2: child: received SIGTERM, exiting now.
4: main: slept 4 seconds, exiting now.

As you can see, "child" is receiving a SIGTERM at second 2 right after "thread" exits, which reproduces the bug clearly.

Cheers,
Fil
Comment 2 Filipe Brandenburger 2012-05-28 06:11:14 UTC
Created attachment 73438 [details]
Patch to forget_original_parent() on kernel/exit.c

This patch seems to fix the problem.

When a thread forks a child process it ends up in the "children" list of the task corresponding to the thread and not the thread group leader. When the thread dies, exit_notify() is called, which will end up calling forget_original_parent() in order to reset the parent of its children processes.

In cases where forget_original_parent() is called for a thread of a process which still has other threads running, then find_new_reaper() will pick another thread in that same process and will set it as the new reaper for the children processes.

By checking whether the new reaper is in a different thread group than the old father (by checking whether they tgid's match) we can detect whether this was just a single thread of a process that still has other running threads that exited, or if it was really the parent process that exited (and now the child is being inherited by "init".)

Here's a run of the test case under the patched kernel:

[filbranden@rawhide bug43300]$ uname -a
Linux rawhide.lan 3.4.0-bug43300+ #2 SMP Mon May 28 00:42:24 EDT 2012 i686 i686 i386 GNU/Linux
[filbranden@rawhide bug43300]$ ./bug43300 4 2 6 thread
0: main: pid=1458 self=0xb7727900 ppid=1400
0: thread: pid=1458 self=0xb7726b40 ppid=1400
0: child: pid=1460 self=0xb7726b40 ppid=1458
2: thread: slept 2 seconds, exiting now.
4: main: slept 4 seconds, exiting now.
4: child: received SIGTERM, exiting now.

Even though the child is being spawned by the thread, it's only receiving SIGTERM when the main thread exits.

I might be missing some corner cases here.
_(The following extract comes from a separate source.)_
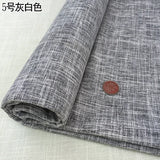 100cm*148cm Solid Color Thick Coarse Linen Sofa Fabric Cotton and Linen Curtain Tablecloth DIY Polyester Linen Fabric 400-500g/m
I thought of the case of when either process is being ptrace'd, not sure how prctl should behave in that case, I still couldn't come up with a test case for that but will try to do that.

I also tried to think of whether tgid can change or still be different between threads of the same process. (What if the task with tid = tgid is exiting but the other threads are still running? Is that case even valid? Will the tgid be updated in that case?) I could not come up with a valid test case for this case either, I'll look deeper into it.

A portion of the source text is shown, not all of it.